Non-Banking Financial Institutions Supervision Directorate General
Non-Bank Financial Institutions (NBFIs) are entities that provide financial services similar to banks; however, each NBFI differs in its operations and holds a specific business license according to its designated activities. Currently, NBFIs operating in Afghanistan with licenses issued by Da Afghanistan Bank include FXDs and MSPs, electronic money institutions, and payment institutions. Moreover, leasing institutions and microfinance institutions may also obtain the relevant business license from Da Afghanistan Bank in accordance with the applicable regulations.
At the end of 1398, the NBFI Supervision Directorate was established to conduct regulatory and supervisory duties concerning the NBFIs. In parallel with the growth and development of the banking sector, the NBFI Supervision Directorate has also experienced significant expansion.
Vision:
To establish a strong and resilient non-bank financial institutions (NBFI) sector that, along with the banking sector, promotes the growth of the financial sector and contributes significantly to the country’s economic development.
Objectives:
• To ensure the sound performance of the NBFIs;
• To establish a proper framework for developing the NBFIs sector;
• To take measures for preventing illegal activities of the institutions;
• To protect the financial sector's consumers;
• To combat unlicensed deposits and black money in the NBFIs sector;
• To reduce the risk of money-laundering and terrorism financing through a comprehensive regulatory and supervisory framework;
• To develop a proper approach for promoting FinTech in Afghanistan to support the growth of the financial sector;
Duties and Responsibilities:
The responsibilities of the NBFI Supervision Directorate include regulating the activities of NBFIs through the development and implementation of necessary regulations, policies, and guidelines; issuing business licenses to NBFIs; conducting on-site supervision and off-site analysis and assessment; and implementing corrective and enforcement measures, including monetary penalties on NBFIs, within the scope of legal and regulatory authority.
Organizational Structure
The organizational structure of the NBFI Supervision Directorate consists of one Directorate, two Deputy Directorates, including the Deputy Directorate General and the Supervision of the FXDs and MSPs Supervision Deputy Directorate, and six Sections, with staff located at the head office and the zones.

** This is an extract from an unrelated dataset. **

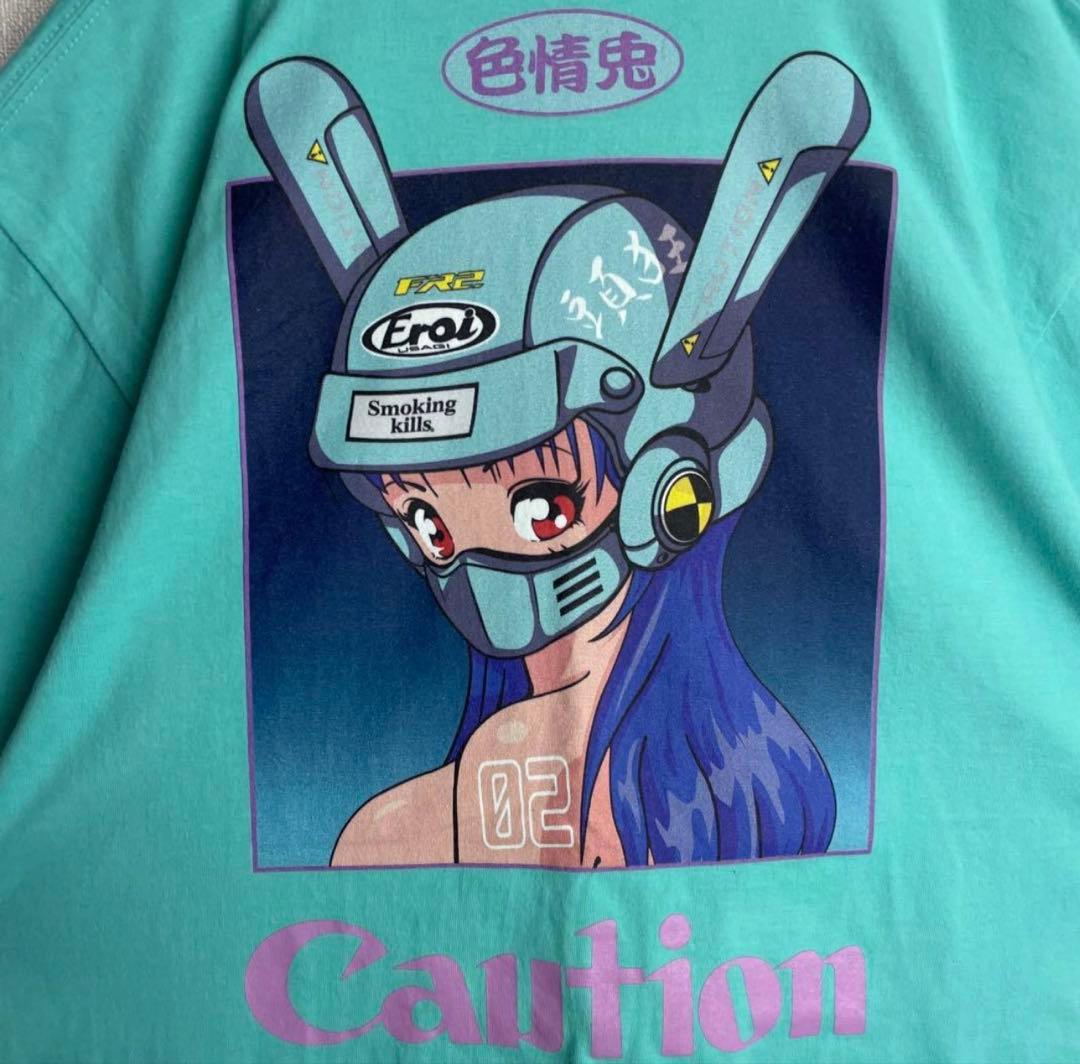 FR2 月桃 バイカーガールTシャツ 美品 FR2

General Affairs Deputy Directorate:
The General Affairs Deputy Directorate consists of three directorates: the Electronic Money Institutions Supervision Section, the Microfinance and Leasing Institutions Supervision Section, and the Off-Site Monitoring and Follow-Up Section. This Deputy Directorate is responsible for conducting both on-site and off-site supervision of the respective institutions.
FXDs and MSPs Supervision Deputy Directorate
The Deputy Directorate comprises three directorates: the Licensing Section, the General Supervision and Anti-Money Laundering and Combating the Financing of Terrorism (AML/CFT) Section, and the Zones Coordination Section. These Sections may handle all regulatory, licensing, and supervisory activities related to FXDs and MSPs.